● **Exercise directions**: In the records below, find the line containing "EAGLES CHAMPS TEE" and the line containing "Guitar Stand Self". Give again exactly those lines and every line between them, omitting the pictures.

● **Data for this task**:
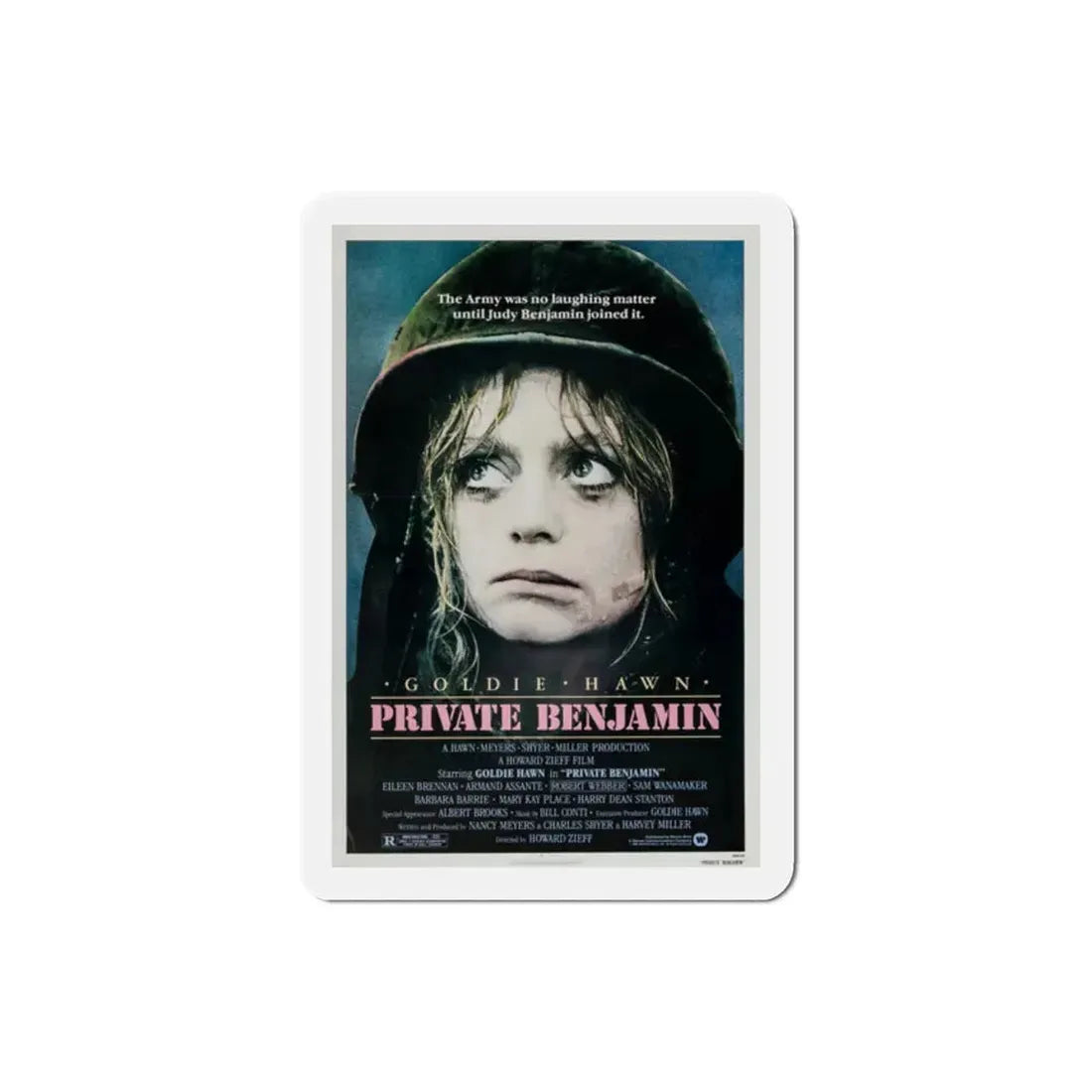 Private Benjamin 1980 Movie Poster Refrigerator Magnet 2 Inch - The Sticker Space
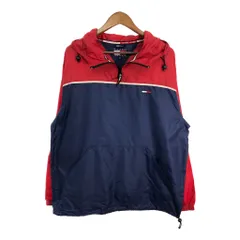 TOMMY JEANS トミージーンズ ナイロン アノラックパーカージャケット ネイビー (メンズ XL) 中古 古着 R3397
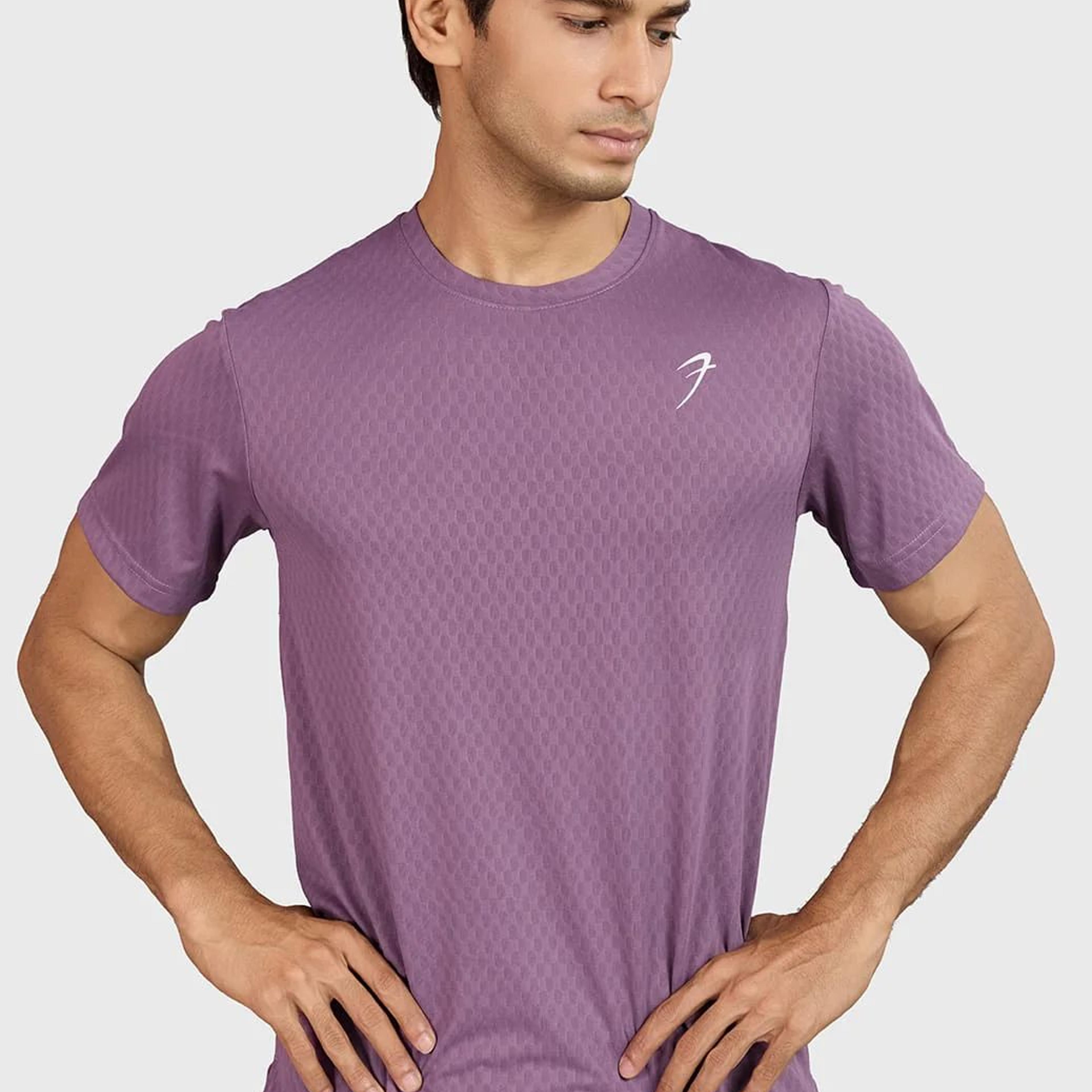 Motion Running T-shirt Plum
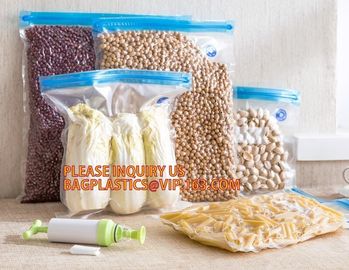 Eco- friendly Texture Vacuum Food Storage Plastic Bag Rolls Moisture Proof Vacuum Sealer Bag Rolls For Food Vacuum Food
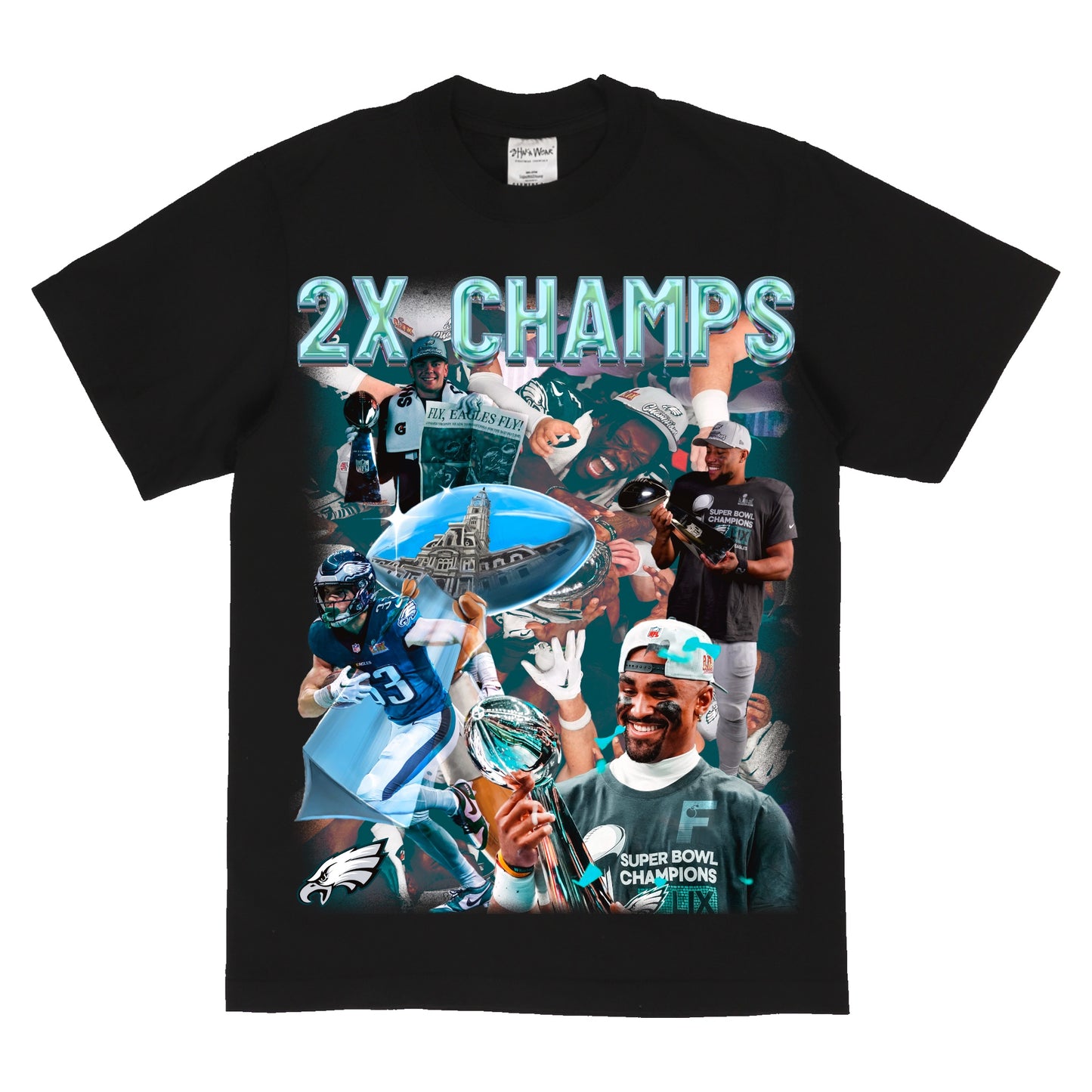 EAGLES CHAMPS TEE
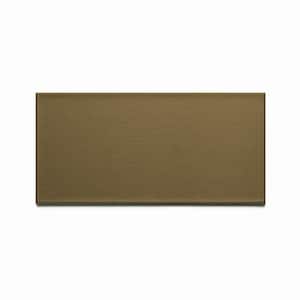 Long Grain 6 in. x 3 in. Brushed Bronze Metal Decorative Wall Tile (8-Pack)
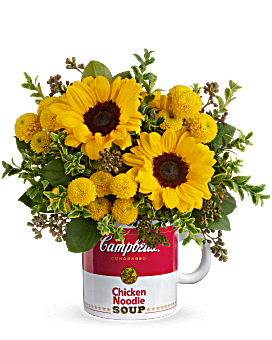 Bouquet chaud de souhaits de Campbell's® par Teleflora Bouquet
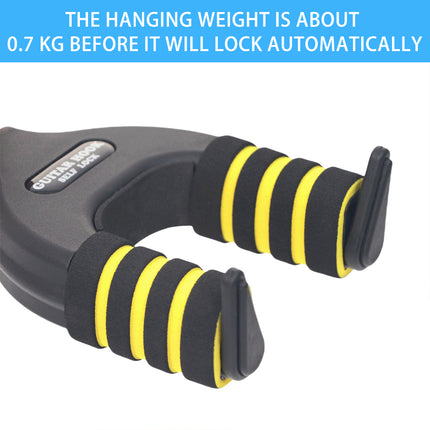 Guitar Stand Self Locking Hook Wall Mounted Hanger Guitar Hook Heavy Duty Holder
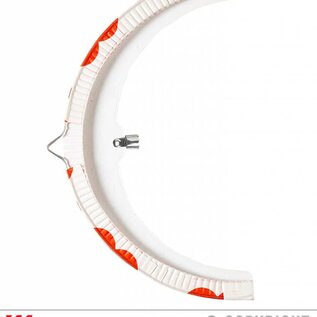Pk 12 "RED HEARTS LAMPION" Ø 25 cm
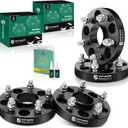 YHTAUTO 5x4.75 Inch Hub Centric Wheel Spacers 1 Inch Compatible with Chevrolet, GMC, Buick, Cadillac, Saab, Pontiac Models Tire Spacers w/ M14x1.5 Studs 66.9 mm Hub Bore 5 Lug 4PCS Black Wheel Adapter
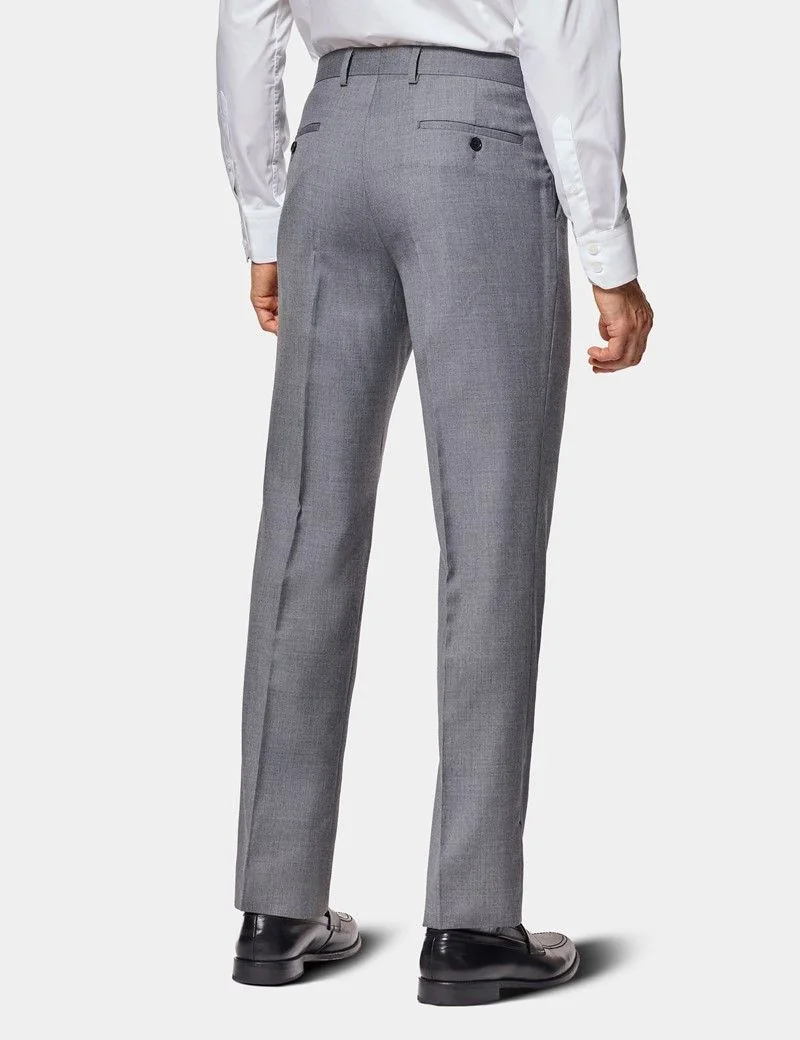 Slim Fit Mid Grey Twill Suit thumbnail 5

● **Answer to the problem**:
 EAGLES CHAMPS TEE
 Long Grain 6 in. x 3 in. Brushed Bronze Metal Decorative Wall Tile (8-Pack)
 Bouquet chaud de souhaits de Campbell's® par Teleflora Bouquet
 Guitar Stand Self Locking Hook Wall Mounted Hanger Guitar Hook Heavy Duty Holder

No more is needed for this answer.